**Exercise**.
Make an exact copy of each entry, leaving out every picture.

**Data extracts**.

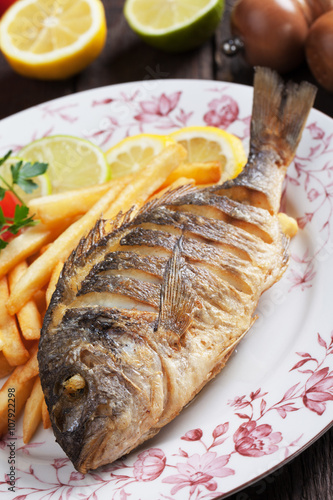Fried fish with french fries
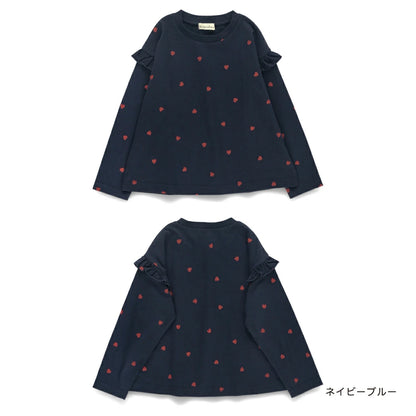 日本童裝 Branshes 印花花邊袖上衣 80-130cm 女童款 秋季 TOPS 聖誕紅/新年紅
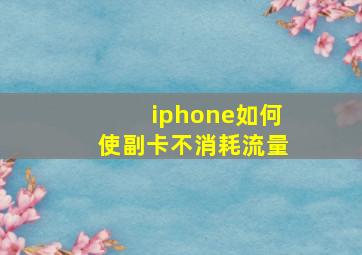 iphone如何使副卡不消耗流量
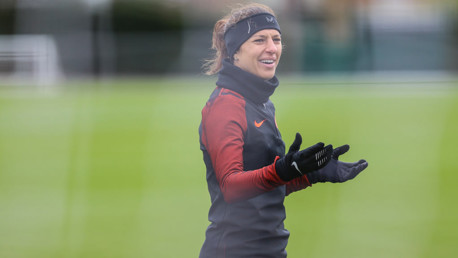 HANDS OUT: Carli Lloyd has a moment of reflection during the session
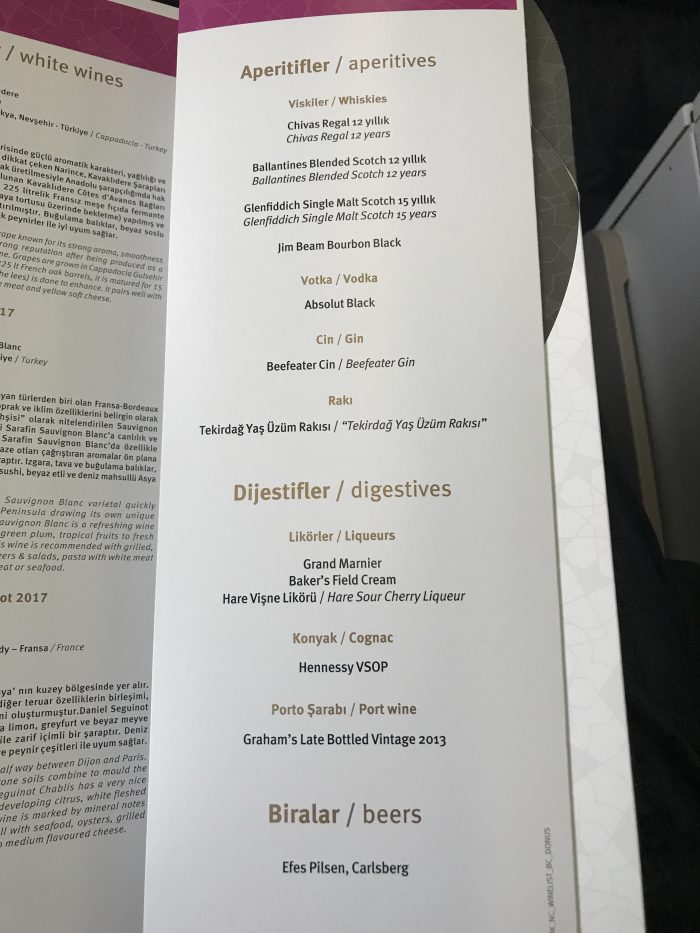 turkish airlines business class boeing 777 300er san francisco sfo istanbul ist drinks menu 700x933 - Turkish Airlines Business Class Boeing 777-300ER San Francisco SFO to Istanbul IST review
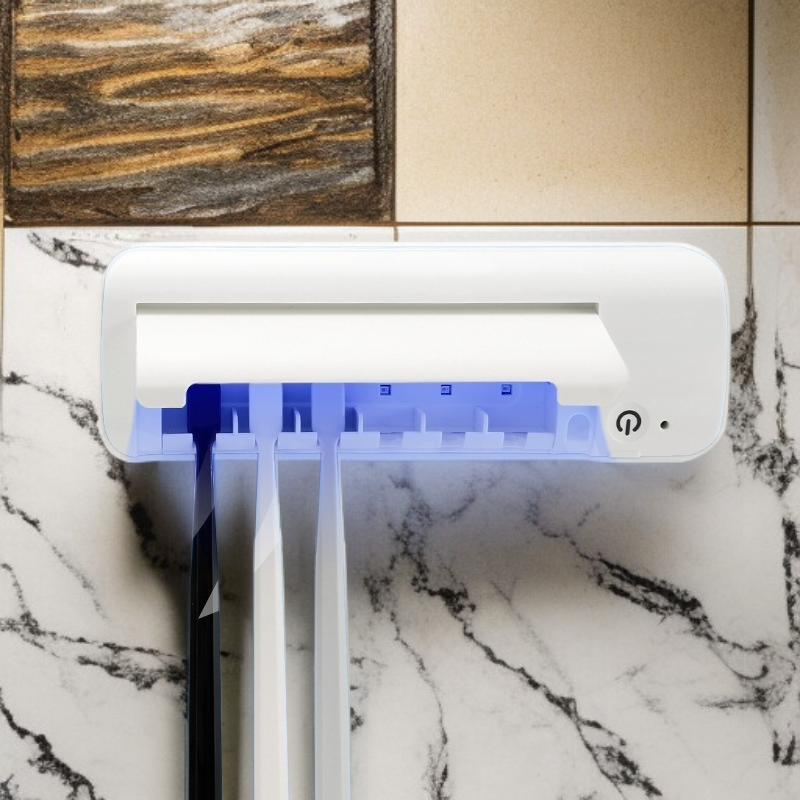 다기능 자외선 칫솔 소독기 펀치 프리 벽걸이형 칫솔 수납함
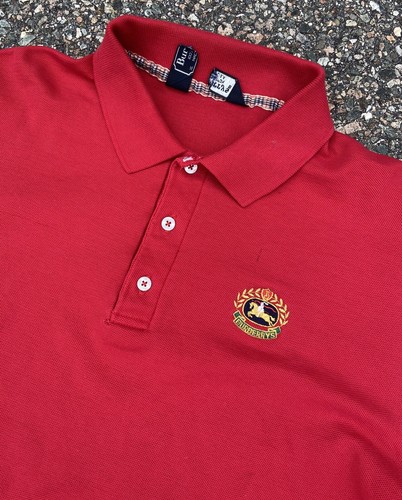 Vintage Burberry Red Long Sleeve Polo 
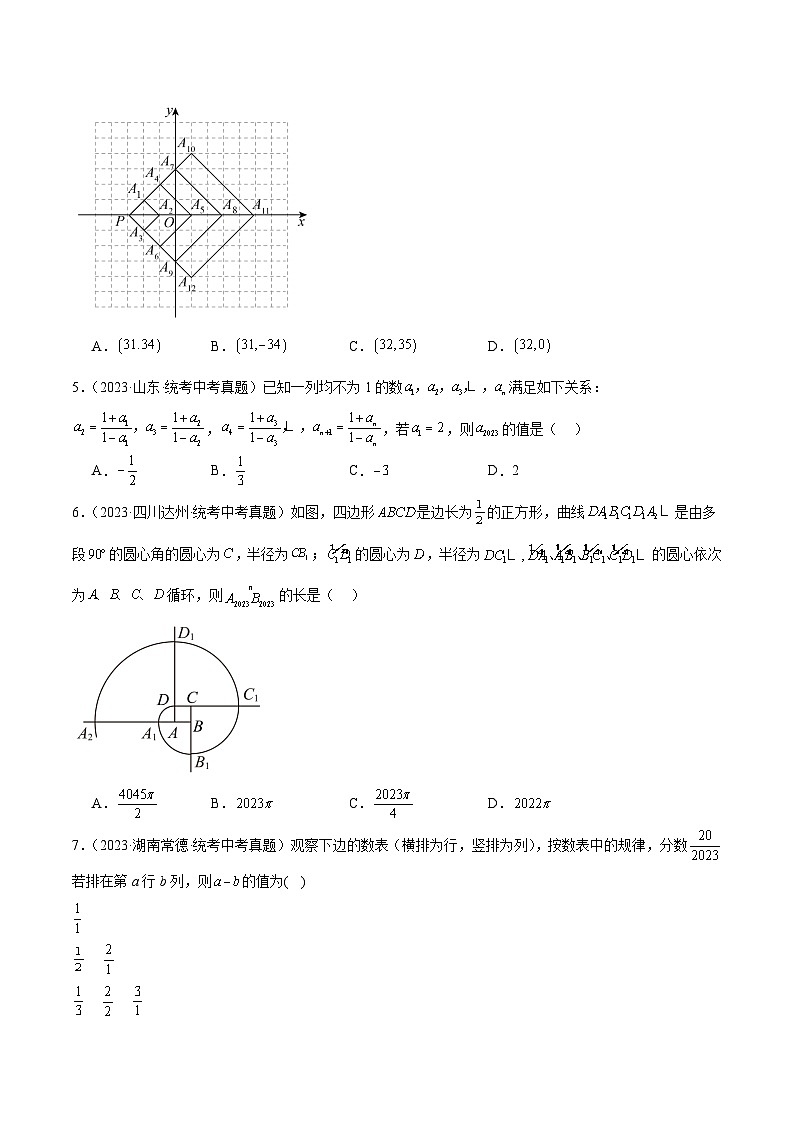 2023年全国各地中考数学真题分类汇编之规律探究题(含解析)02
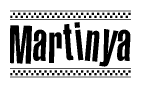 The image contains the text Martinya in a bold, stylized font, with a checkered flag pattern bordering the top and bottom of the text.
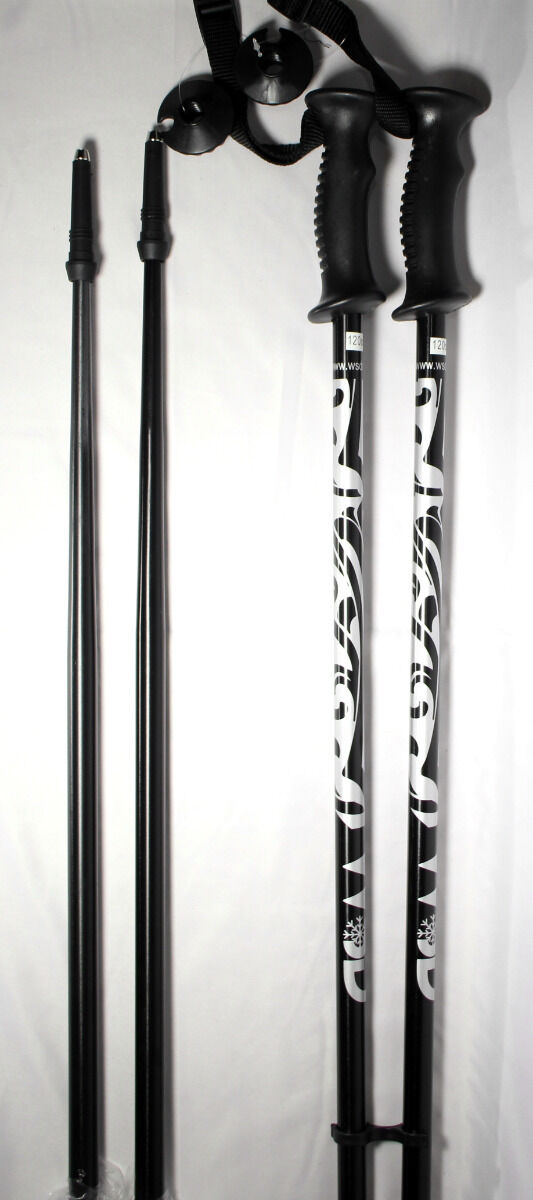 NEW Ski poles adult downhill/alpine Aluminum black/silver Pair 120cm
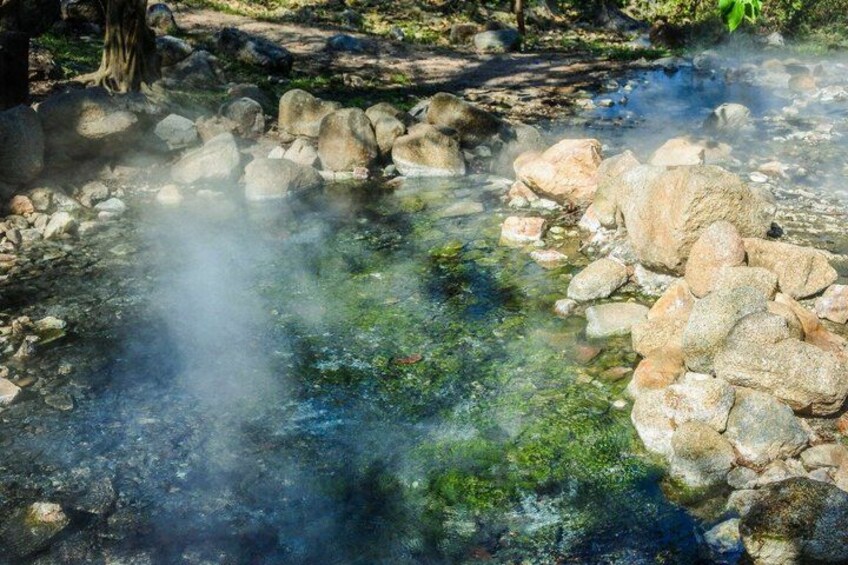 Un manantial de aguas termales con vapor ascendiendo, rodeado de rocas y follaje. 3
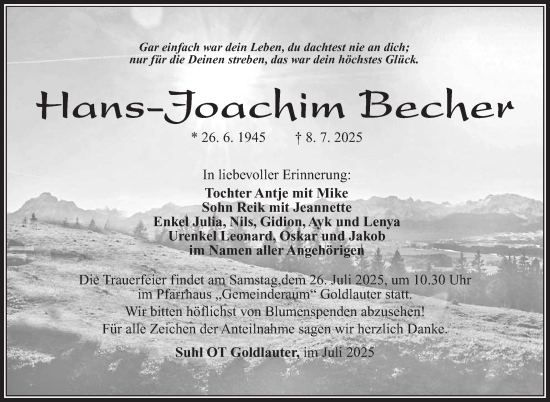 Traueranzeige von Hans-Joachim Becher von Südthüringer Presse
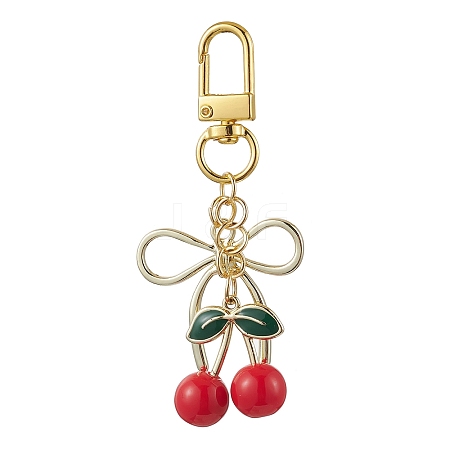 Alloy Enamel Cherry Pendant Decorations HJEW-JM02681-1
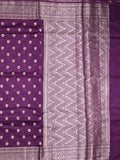 Dupion fancy saree violet color allover zari butis & zari border with zari pallu and contrast blouse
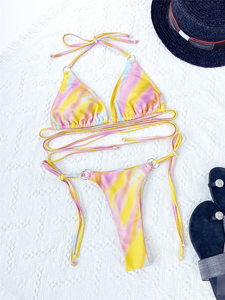 New Arrival Best Quality Women's Halter Neck <b>Bikini</b> <b>Set</b> Floral Leopard Plaid Pattern V-<b>Strings</b> Mixed Two Piece Front Quick Dry - Product Image 1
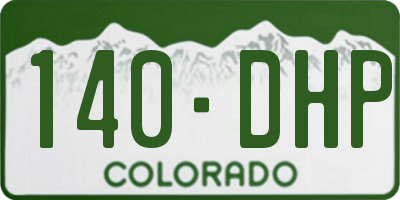 CO license plate 140DHP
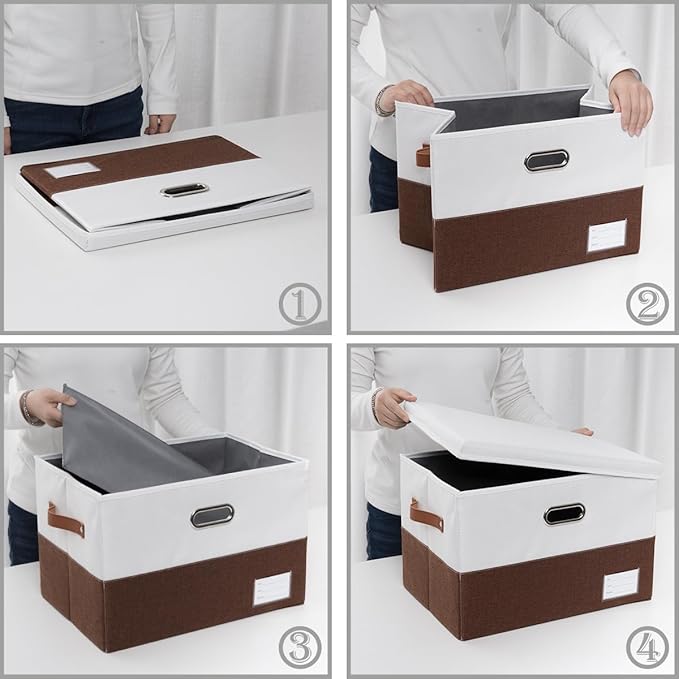 PRANDOM Foldable Storage Bins with Lids [3-Pack] Fabric Collapsible Storage Boxes Baskets Cubes Containers with Handles for Closet Living Room Bedroom (Brown & White 17.7x11.8x11.8'')-Ruum Studio Home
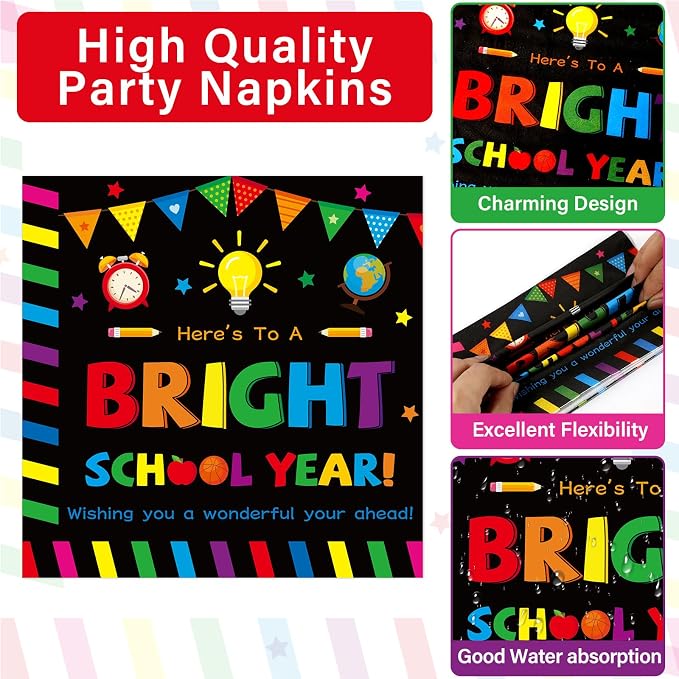 100PCS Back To School Decorations School Season Supplies Paper Plates Napkins - Image 4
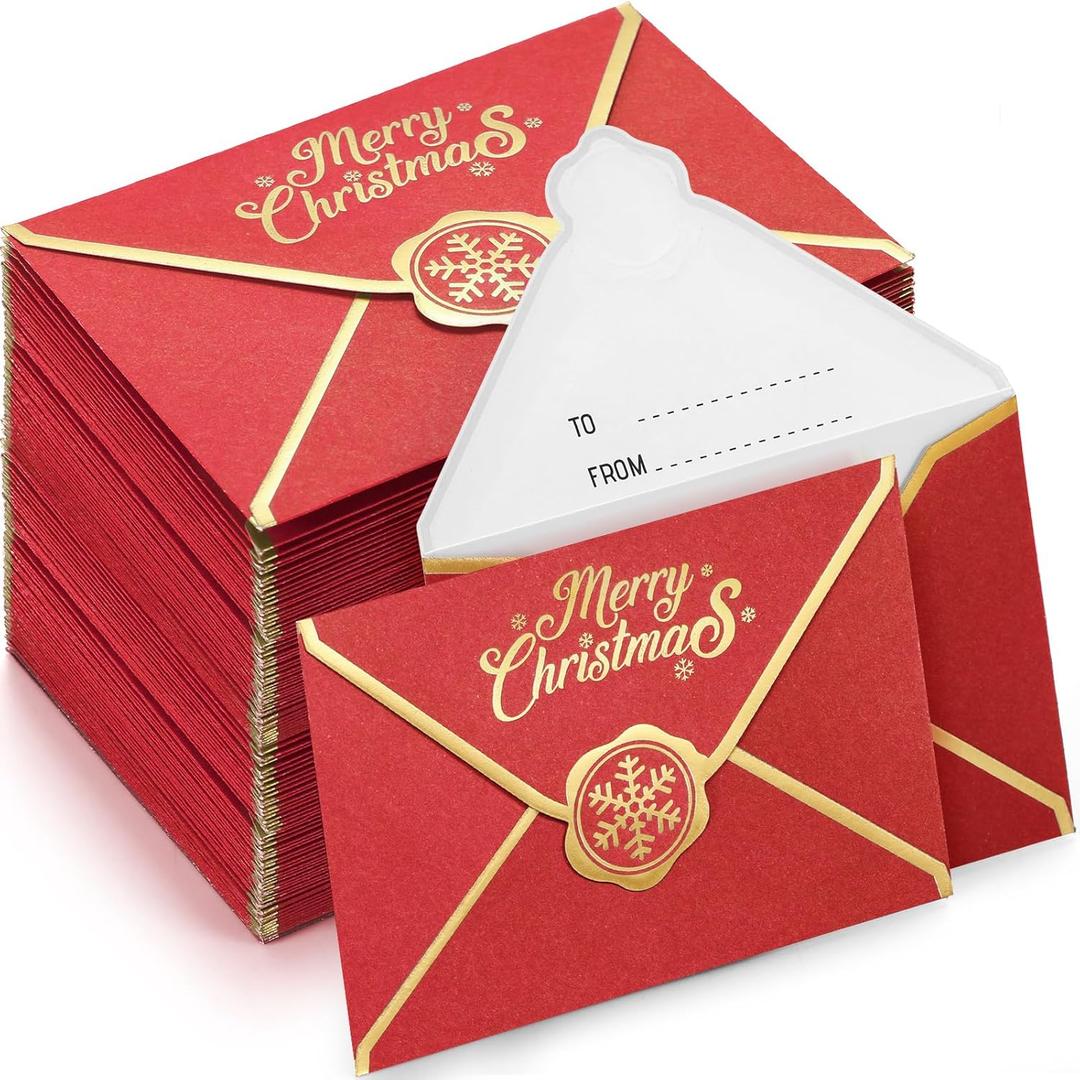 Kosiz 50 Pcs Merry Christmas Small Card Envelopes Greeting Cards Envelopes Mini Business Sleeve Credit Card Envelope with Gold Border for Coins Xmas Holiday 2.7'' x 3.9''(Red)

**Written solution**.
Fried fish with french fries
 日本童裝 Branshes 印花花邊袖上衣 80-130cm 女童款 秋季 TOPS 聖誕紅/新年紅
 iphone如何使副卡不消耗流量
 HANDS OUT: Carli Lloyd has a moment of reflection during the session
 turkish airlines business class boeing 777 300er san francisco sfo istanbul ist drinks menu 700x933 - Turkish Airlines Business Class Boeing 777-300ER San Francisco SFO to Istanbul IST review
 다기능 자외선 칫솔 소독기 펀치 프리 벽걸이형 칫솔 수납함
 Vintage Burberry Red Long Sleeve Polo 
 2023年全国各地中考数学真题分类汇编之规律探究题(含解析)02
 The image contains the text Martinya in a bold, stylized font, with a checkered flag pattern bordering the top and bottom of the text.
 NEW Ski poles adult downhill/alpine Aluminum black/silver Pair 120cm
 Un manantial de aguas termales con vapor ascendiendo, rodeado de rocas y follaje. 3
 Traueranzeige von Hans-Joachim Becher von Südthüringer Presse
 Alloy Enamel Cherry Pendant Decorations HJEW-JM02681-1
 Dupion fancy saree violet color allover zari butis & zari border with zari pallu and contrast blouse
 New Arrival Best Quality Women's Halter Neck <b>Bikini</b> <b>Set</b> Floral Leopard Plaid Pattern V-<b>Strings</b> Mixed Two Piece Front Quick Dry - Product Image 1
 CO license plate 140DHP
 PRANDOM Foldable Storage Bins with Lids [3-Pack] Fabric Collapsible Storage Boxes Baskets Cubes Containers with Handles for Closet Living Room Bedroom (Brown & White 17.7x11.8x11.8'')-Ruum Studio Home
 100PCS Back To School Decorations School Season Supplies Paper Plates Napkins - Image 4
 Kosiz 50 Pcs Merry Christmas Small Card Envelopes Greeting Cards Envelopes Mini Business Sleeve Credit Card Envelope with Gold Border for Coins Xmas Holiday 2.7'' x 3.9''(Red)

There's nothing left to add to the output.